Knowledge Graph and Linked Data
Supporting all of the above is a pan-Thomson Reuters knowledge-graph. This knowledge graph is a dynamic repository of linked information objects. The graph encompasses internal authorities, repositories, metadata, curated data, external data and derived data – all melded together and semantically inter-linked. It follows linked-data principles on a linear scalable platform. Besides serving the “classical” knowledge graph/linked-data query side, the knowledge-graph also provides a shared whiteboard for distributed information interoperability and “information-in-motion” aspects. The knowledge-graph provides the fabric that is in the junction of reactive near real-time smart-processing of information, and big-data analytics.
The easiest way to merge two separate data sets is to use a primary key, a unique ID that allows mapping a record in one data set to the equivalent record in another data set. When such an ID is not in place, matching is reliant on potentially ambiguous data such as a first name or a company name. Thomson Reuters has developed a solution called Concord, a tool for resolving the ambiguities in the data when merging disparate data sets without the benefit of a unique ID.
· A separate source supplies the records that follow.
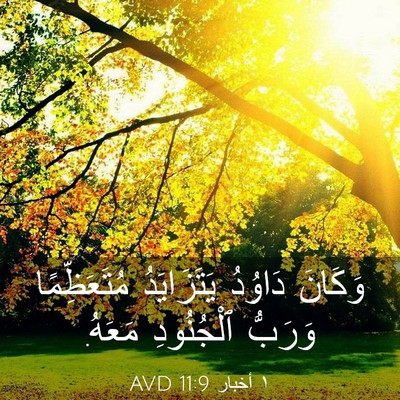 Picture 03 - ١ أخبار 11:9 AVD - وَكَانَ دَاوُدُ - Bible Verse Picture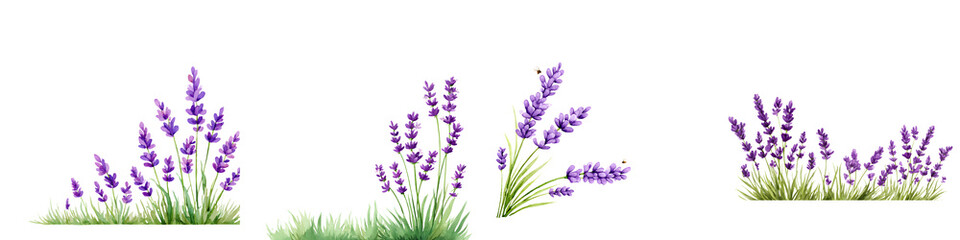 Lavender Flower Clumps: Watercolor Illustration on White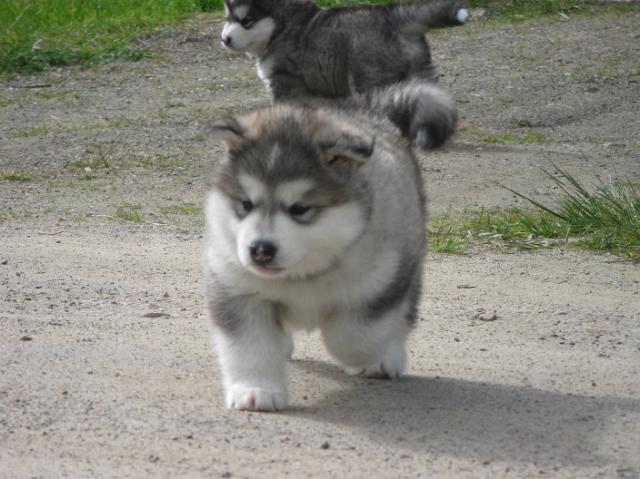 IMG_7811.JPG - 5 weeks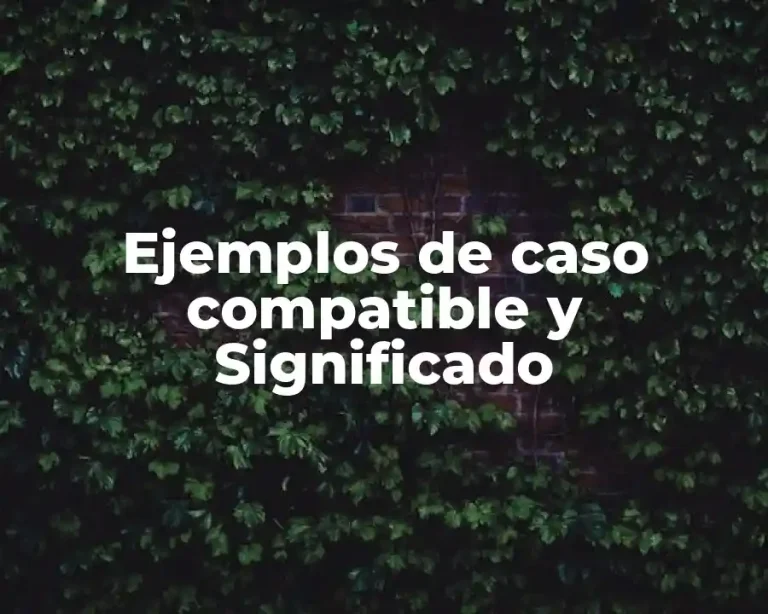 Ejemplos de caso compatible y Significado
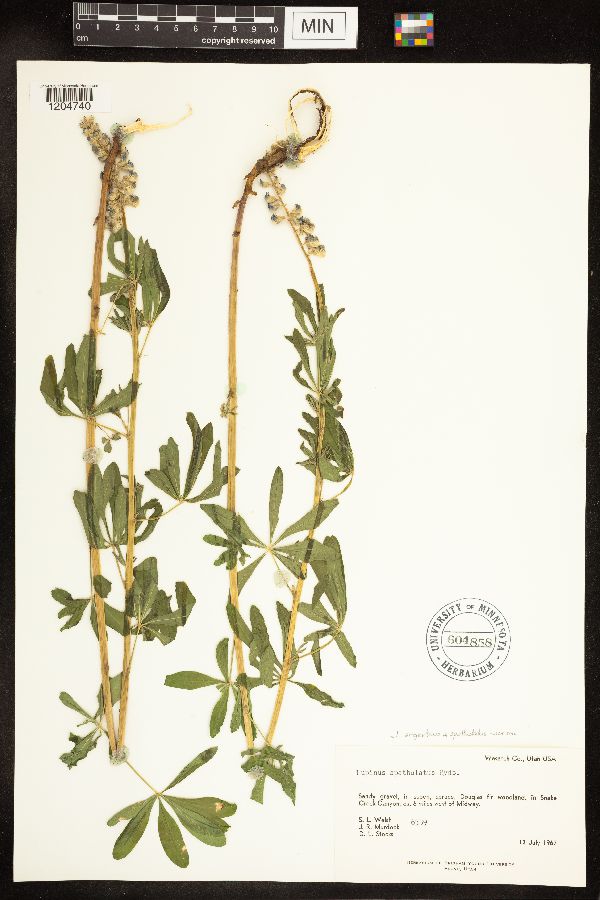 Lupinus argenteus subsp. spathulatus image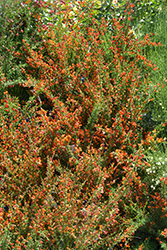 Lena Scotch Broom (Cytisus 'Lena') at A Very Successful Garden Center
Events and Facts Identification
After extracting entities from a document, the next task is to understand and extract the facts described in the text that are associated with the mentioned entities, such as the age of a person, and the relations between the entities, such as deals between companies. Moreover, in some cases we need to extract attributes for the extracted relations, such as the amount of revenue a company declared, or the name of a product one company supplies another. Extracting relations is more challenging than extracting entities, as it requires deeper automatic understanding of the underlying text. We use different text processing tools on top of machine learning algorithms, and enforced crowd sourcing techniques that allow us to work on huge labeled training sets to get state of the art classifiers for relations such as mergers and acquisitions, and supply chain.
Equipped with the ability to extract metadata at the document level, we move forward to extracting knowledge from huge corpora of data. We build a graph in which every metadata object, being an entity or a topic, is a node, and every two entities that co appear in at least one document are connected by an edge. We then assign weights to these edges, viewing the entities and topics with the strongest relation to a given entity as its metadata fingerprint. For example, since Microsoft is frequently mentioned in news stories about operating systems, it will have “Windows” and “Operating Systems” as part of its fingerprint. Moreover, “Bill Gates”, “Redmond” and “Mobile Phones” will also be part of this fingerprint. The graph can be computed in the financial, scientific, and legal domains, enabling different uses such as identifying company peers, locating a reviewer for a scientific paper, or finding an expert witness for a legal case.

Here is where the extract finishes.